Based on the new data, Pollard and her colleagues think they now understand how our species broke with 100 million years of tradition. In many cases, the first step was a mutation that accidentally created an extra copy of a long stretch of DNA. By making our DNA longer, this mutation changed the way it folded.
As our DNA refolded, a genetic switch that once controlled a nearby gene no longer made contact with it. Instead, it now made contact with a new one. The switch eventually gained mutations allowing it to control its new neighbor. Pollard’s research suggests that some of these shifts helped human brain cells grow for a longer period of time during childhood — a crucial step in the evolution of our large, powerful brains.
Reilly, of Yale, has found other mutations that might have also helped our species build a more powerful brain: those that accidentally snip out pieces of DNA.
Scanning the Zoonomia genomes, Reilly and his colleagues looked for DNA that survived in species after species — but were then deleted in humans. They found 10,000 of these deletions. Most were just a few bases long, but some of them had profound effects on our species.
One of the most striking deletions altered an off switch in the human genome. It is near a gene called LOXL2, which is active in the developing brain. Our ancestors lost just one base of DNA from the switch. That tiny change turned the off switch into an on switch.
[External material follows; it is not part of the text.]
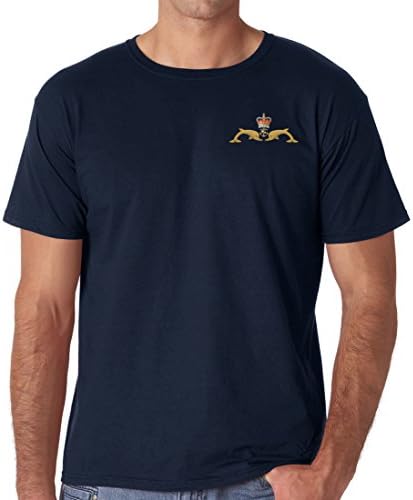 Royal Navy Submariners Dolphins Official MOD - Ringspun T Shirt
Reilly and his researchers ran experiments to see how the human version of LOXL2 behaved in neurons compared with the standard mammalian version. Their experiments suggest that LOXL2 stays active in children longer than it does in young apes. LOXL2 is known to keep neurons in a state where they can keep growing and sprouting branches. So staying switched on longer in childhood could allow our brains to grow more than ape brains.
“It changes our idea of how evolution can work” Reilly said. “Breaking stuff in your genome can lead to new functions.”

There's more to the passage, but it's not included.